Anda kalabilmek neden önemli?
Son günlerde belki de sıklıkla duyuyorsunuzdur “Anda kalın” diyenleri. Niye “Anda kalın” diyorlar, ne demek istiyorlar? Belki düşündünüz, belki araştırdınız. Bir akım diyorsunuz belki de. Araştırdıysanız fark etmiş olabilirsiniz yüzyılların deneyimi de var içinde diye, farklı şekillerde de olsa…

Birey olarak yaşadıklarımız ne kadar iyimser olmaya çalışsak da her zaman bizi mutlu edecek türden değil. Toplum olarak yaşadığımız olaylar da ayrıca bizi etkiliyor. Bireysel travmalarımız, toplumsal travmalarımız var.
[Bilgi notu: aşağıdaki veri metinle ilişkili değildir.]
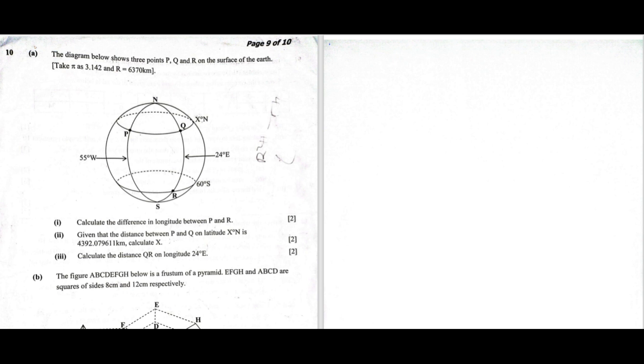Let's look at the first question, Roman numeral one: find the difference in longitude between P and R. P is on longitude 55 degrees west and R is on longitude 24 degrees east. Since one is on the west and the other on the east, we add: 55 plus 24 gives us 79 degrees. So the difference between these two longitudes is 79 degrees.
Hayatı boyunca depresyonu tatmadım diyebilecek kaç kişi vardır? Mutluluk da hüzün de yaşamımızın bir gerçeği. Yaşadıklarımızı unutabiliyor muyuz? “Unutmak kolaysa önce sen unut” diyor şair. Yaşadığımız anlar gibi bazen sevdiklerimizi de geçmişte bırakmamız gerekebiliyor. Öfkelendiklerimiz, kırıldıklarımız, içimizde kalıp söyleyemediklerimiz gibi pek çok duygu ve düşünce. Hepsi zihnimizde yaşar. Hatta bazen bedenimize de yansır etkileri. Kötü anlar zihninizde canlanırken bedeninizde neler hissedersiniz bir düşünün. Belki çarpıntınız olur, belki terlersiniz, belki nefesiniz tıkanır, belki de o anları tekrar yaşarsınız. Durum böyle olunca da geçmişte kalırsınız. Etrafınızdaki pek çok şeyi fark etmez, görmez, duymaz, hissetmezsiniz.

Çok endişeli olanlar vardır bir de… Hep kötü bir şey olacak hissi yaşarlar. Çevresindeki insanların ona kötülük yapıp yapmayacağını düşünür, ekonominin gidişatı, çocuklarının geleceği, gençse sınavların nasıl geçeceği, iş bulup bulamayacağı, hayatına girecek kişi. Eğer yaşlıysa sağlık sorunları, ne kadar daha yaşayacağı gibi birçok soru, sorun kafasında dolanır durur, kaygılanır. Geleceği yaşar, yaşadığı anı yaşayamadan. Kaygımız olmazsa motivasyonumuz da olmaz çabalamayız elbette ama bir dengeye oturtmak lazım. Sürekli geleceği düşündükçe andan koparız. 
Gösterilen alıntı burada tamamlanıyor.